Step by step the consultant selected the lesion with the 9 MHz probe at its largest dimension in B-mode and adjusted the size of the VTIQ measuring box to include the lesion and surrounding tissue. For VTIQ examiner 1 (consultant) measured the maximum velocity within the lesion by selecting the ROI. In some cases the lesions showed a surrounding high velocity ring and in these cases the measurement was taken within the ring. The velocity measurement of the lesion was repeated five times. The second set of five VTIQ images was then obtained by examiner 2 (beginner) in the same way to test the reliability and the examiner independency of VTIQ. We intentionally chose an inexperienced examiner 2 to assess the influence of experience in breast US for VTIQ.

2.3. Statistical Analysis

This study is of explorative character. All statistical analyses are of descriptive nature. Statistical tests and resulting P values are not adjusted for multiplicity and can therefore only be interpreted descriptively. To begin with, the study cohort was described by the measures of the empirical distribution. Depending on the scale level of the variable, mean and standard deviation, median and quartiles, minimum and maximum, and absolute and relative frequencies are calculated. In a second step, the intra- and interexaminer reliability was assessed. To calculate the intraexaminer reliability, the VTIQ values of the five measurements of each examiner were compared by calculating the range of these values (minimal value–maximal value). A range of zero thus corresponds to perfect agreement whereas a range larger than zero reveals that the five measurements deviate. The mean range over all patients and corresponding standard deviation was calculated for both examiners.
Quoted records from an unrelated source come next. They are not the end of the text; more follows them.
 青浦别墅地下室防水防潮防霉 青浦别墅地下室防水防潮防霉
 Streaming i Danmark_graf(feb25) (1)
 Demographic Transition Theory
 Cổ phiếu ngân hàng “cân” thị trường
In order to assess interexaminer reliability, the means of the five measurements were compared between examiners 1 and 2. Pearson correlation coefficient was calculated and an orthogonal regression line was fitted. A slope close to 1 and a constant close to zero would thus correspond to good agreement between raters.
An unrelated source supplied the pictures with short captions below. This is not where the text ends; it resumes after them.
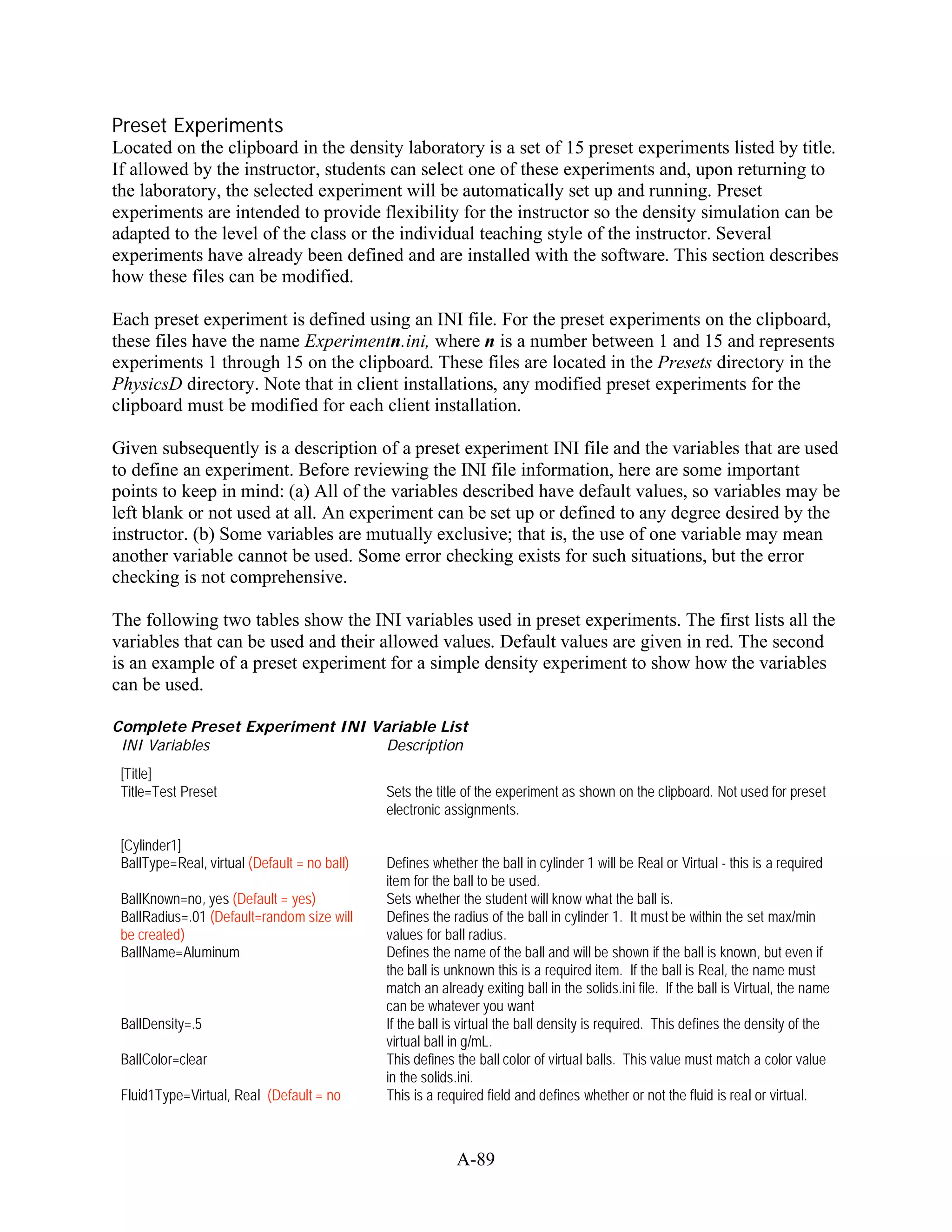 Preset Experiments
Located on the clipboard in the density laboratory is a set of 15 preset experiments listed by title.
If allowed by the instructor, students can select one of these experiments and, upon returning to
the laboratory, the selected experiment will be automatically set up and running. Preset
experiments are intended to provide flexibility for the instructor so the density simulation can be
adapted to the level of the class or the individual teaching style of the instructor. Several
experiments have already been defined and are installed with the software. This section describes
how these files can be modified.

Each preset experiment is defined using an INI file. For the preset experiments on the clipboard,
these files have the name Experimentn.ini, where n is a number between 1 and 15 and represents
experiments 1 through 15 on the clipboard. These files are located in the Presets directory in the
PhysicsD directory. Note that in client installations, any modified preset experiments for the
clipboard must be modified for each client installation.

Given subsequently is a description of a preset experiment INI file and the variables that are used
to define an experiment. Before reviewing the INI file information, here are some important
points to keep in mind: (a) All of the variables described have default values, so variables may be
left blank or not used at all. An experiment can be set up or defined to any degree desired by the
instructor. (b) Some variables are mutually exclusive; that is, the use of one variable may mean
another variable cannot be used. Some error checking exists for such situations, but the error
checking is not comprehensive.

The following two tables show the INI variables used in preset experiments. The first lists all the
variables that can be used and their allowed values. Default values are given in red. The second
is an example of a preset experiment for a simple density experiment to show how the variables
can be used.

Complete Preset Experiment INI Variable List
 INI Variables                   Description
 [Title]
 Title=Test Preset                            Sets the title of the experiment as shown on the clipboard. Not used for preset
                                              electronic assignments.

 [Cylinder1]
 BallType=Real, virtual (Default = no ball)   Defines whether the ball in cylinder 1 will be Real or Virtual - this is a required
                                              item for the ball to be used.
 BallKnown=no, yes (Default = yes)            Sets whether the student will know what the ball is.
 BallRadius=.01 (Default=random size will     Defines the radius of the ball in cylinder 1. It must be within the set max/min
 be created)                                  values for ball radius.
 BallName=Aluminum                            Defines the name of the ball and will be shown if the ball is known, but even if
                                              the ball is unknown this is a required item. If the ball is Real, the name must
                                              match an already exiting ball in the solids.ini file. If the ball is Virtual, the name
                                              can be whatever you want
 BallDensity=.5                               If the ball is virtual the ball density is required. This defines the density of the
                                              virtual ball in g/mL.
 BallColor=clear                              This defines the ball color of virtual balls. This value must match a color value
                                              in the solids.ini.
 Fluid1Type=Virtual, Real (Default = no       This is a required field and defines whether or not the fluid is real or virtual.



                                                           A-89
In order to assess diagnostic accuracy for VTIQ and BI-RADS, an ROC analysis was performed for each of the diagnostic instruments. The optimal cut-off was determined by considering sensitivity and specificity but focusing on sensitivity due to its higher clinical relevance. Moreover positive and negative predictive values were calculated. These statistical measures of the test performance are specific for this study population and can only be used to compare the different methods (BI-RADS, VTIQ, and the combining of VTIQ and BI-RADS). Particularly specificity cannot be compared to other studies because no BI-RADS 2 and only a few BI-RADS 3 cases were included in our study contrarily to other similar studies (see Sections 3 and 4). To assess the improvement of diagnostic accuracy by combining VTIQ and BI-RADS a logistic regression was performed. Using the logistic regression model, positive predictive values can be calculated for each combination of VTIQ and BI-RADS categories. The positive predictive values can thus be interpreted as a function of VTIQ and BI-RADS yielding a transformation of the two variables into a one-dimensional space. An extended ROC analysis based on the positive predictive function can thus be performed in order to directly compare the improvement of the combination of VTIQ and BI-RADS to BI-RADS alone.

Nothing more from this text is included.